Data extracted from a collection:
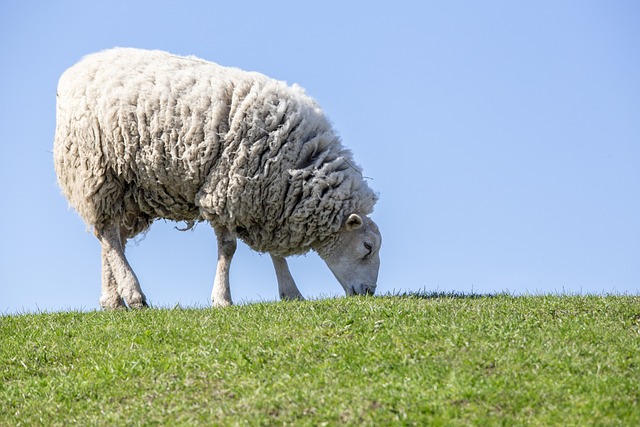 Houffalize : un troupeau décimé par une attaque nocturne à Les Tailles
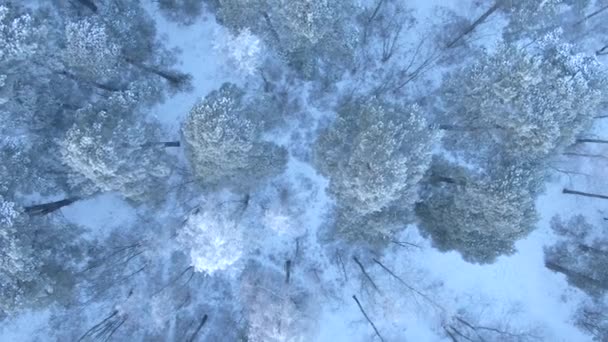 Vacker Vinter Skog Aerial Drone Syn Snöiga Träd Naturlandskap — Stockvideo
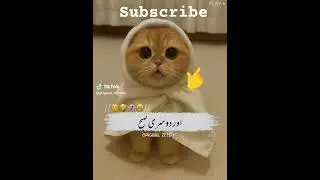 #indip #intnews #iunlocked #qgvspz #pakturkfriendship #pvfacts #zxcvbnm #dufestivals #duffel #😆😆😆😆😆😆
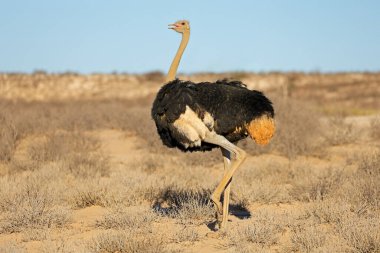 Bir erkek devekuşu (Struth io camelus) doğal habitat, Kalahari Çölü, Güney Afrika 'da yürüyor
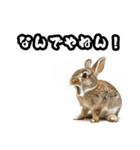 キレウサギ（個別スタンプ：1）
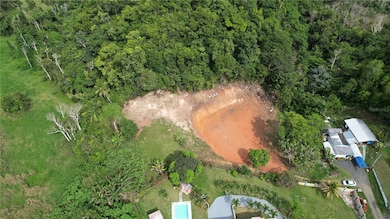 CARR 677 K1 H5 LOTE Bo Espinosa Comm La Pra, Dorado, PR 00646 - photo 4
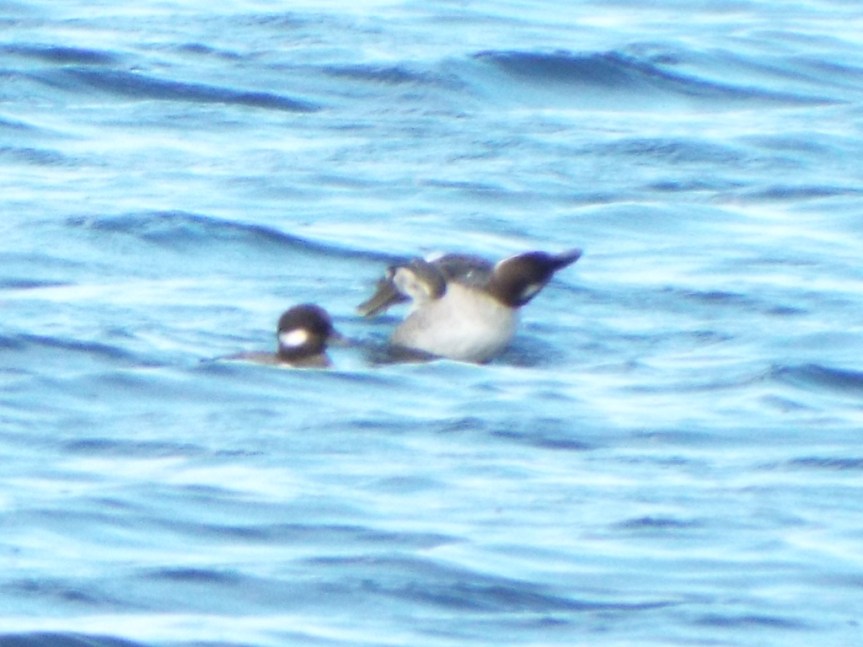 bufflehead-in-there2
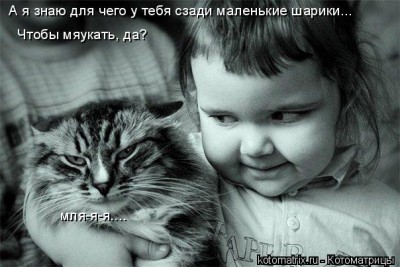 2be854d45d17.jpg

WHAT YOU NEED TO DO
Should there be pictures in the data, leave them out and return the rest exactly.

ANSWER SECTION
 Houffalize : un troupeau décimé par une attaque nocturne à Les Tailles
 Vacker Vinter Skog Aerial Drone Syn Snöiga Träd Naturlandskap — Stockvideo
 #indip #intnews #iunlocked #qgvspz #pakturkfriendship #pvfacts #zxcvbnm #dufestivals #duffel #😆😆😆😆😆😆
 Bir erkek devekuşu (Struth io camelus) doğal habitat, Kalahari Çölü, Güney Afrika 'da yürüyor
 キレウサギ（個別スタンプ：1）
 CARR 677 K1 H5 LOTE Bo Espinosa Comm La Pra, Dorado, PR 00646 - photo 4
 bufflehead-in-there2
 2be854d45d17.jpg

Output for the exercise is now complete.